> **YOUR OBJECTIVE**:
Among the entries below, copy only the span from the line containing "Cute Fresno Nightcrawler" through the line containing "Pale pink vanity - 30 cool paint color ideas". Do so exactly, and skip the pictures.

> **MATERIAL FOR THE TASK**:
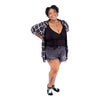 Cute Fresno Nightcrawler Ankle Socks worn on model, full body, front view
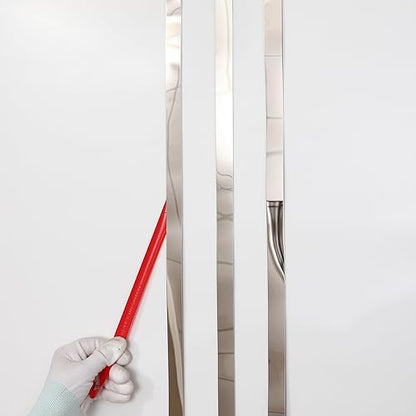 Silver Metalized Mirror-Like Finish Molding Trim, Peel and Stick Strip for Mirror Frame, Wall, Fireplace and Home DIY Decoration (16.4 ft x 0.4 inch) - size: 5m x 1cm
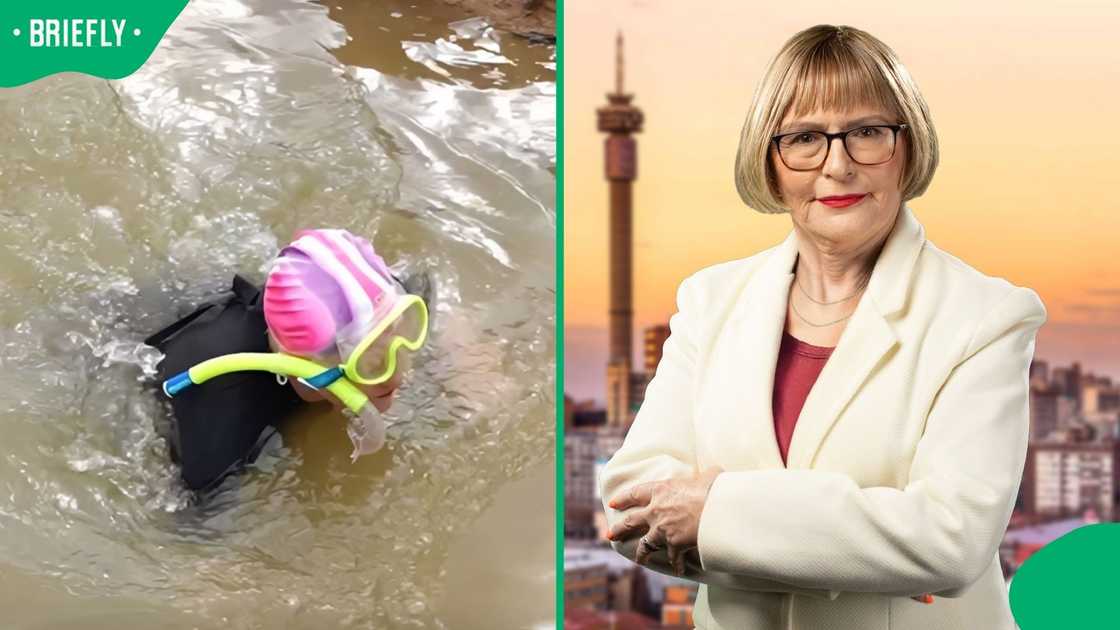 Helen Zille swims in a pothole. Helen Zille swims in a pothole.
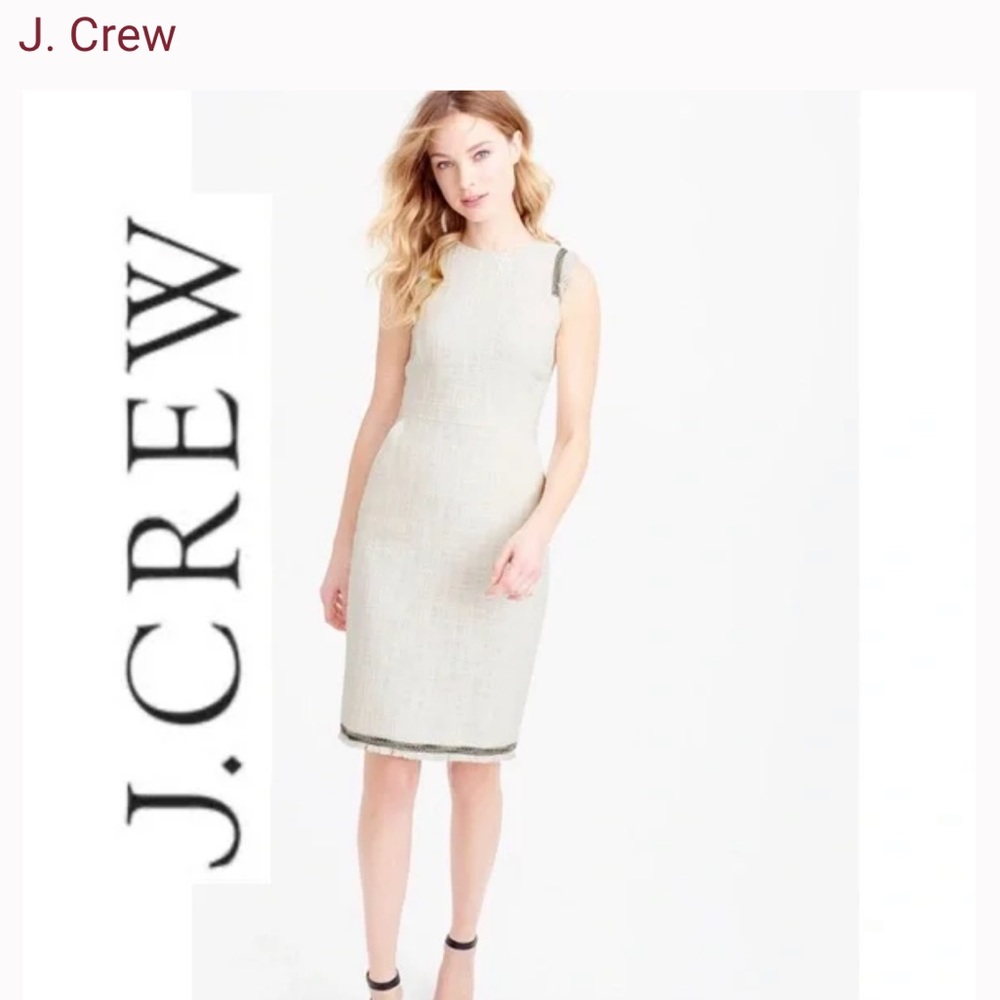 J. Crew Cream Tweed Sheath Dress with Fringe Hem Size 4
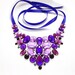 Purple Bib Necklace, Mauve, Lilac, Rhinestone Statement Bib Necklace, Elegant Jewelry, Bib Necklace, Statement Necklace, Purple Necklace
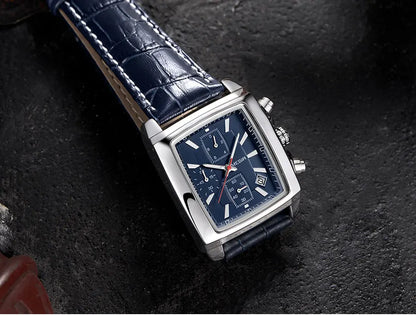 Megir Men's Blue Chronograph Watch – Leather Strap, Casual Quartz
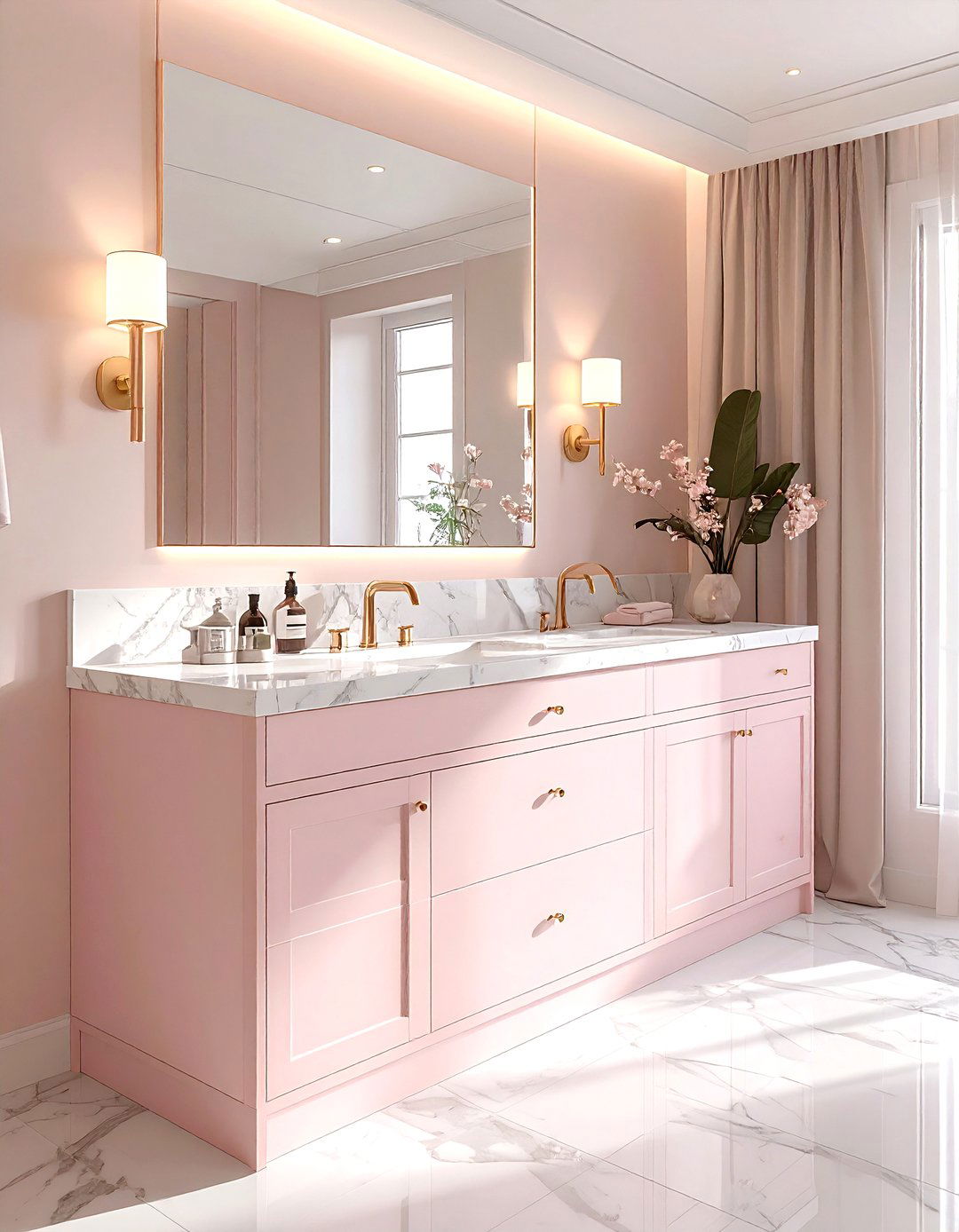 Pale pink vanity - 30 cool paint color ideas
* * *
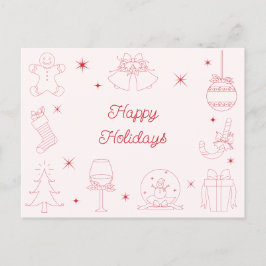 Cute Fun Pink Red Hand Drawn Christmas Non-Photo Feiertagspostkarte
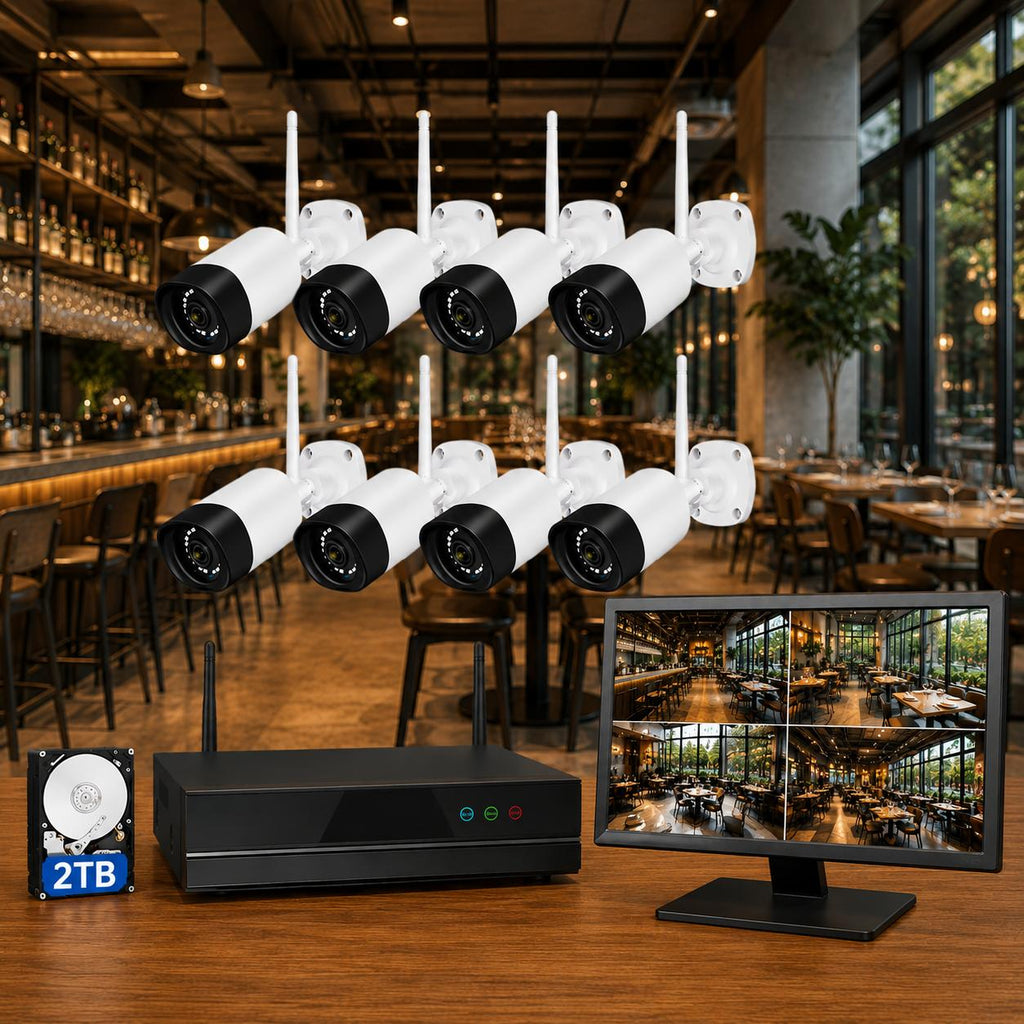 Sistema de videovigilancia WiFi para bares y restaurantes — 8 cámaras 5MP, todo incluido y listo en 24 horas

> **FINISHED TASK**:
 Cute Fresno Nightcrawler Ankle Socks worn on model, full body, front view
 Silver Metalized Mirror-Like Finish Molding Trim, Peel and Stick Strip for Mirror Frame, Wall, Fireplace and Home DIY Decoration (16.4 ft x 0.4 inch) - size: 5m x 1cm
 Helen Zille swims in a pothole. Helen Zille swims in a pothole.
 J. Crew Cream Tweed Sheath Dress with Fringe Hem Size 4
 Purple Bib Necklace, Mauve, Lilac, Rhinestone Statement Bib Necklace, Elegant Jewelry, Bib Necklace, Statement Necklace, Purple Necklace
 Megir Men's Blue Chronograph Watch – Leather Strap, Casual Quartz
 Pale pink vanity - 30 cool paint color ideas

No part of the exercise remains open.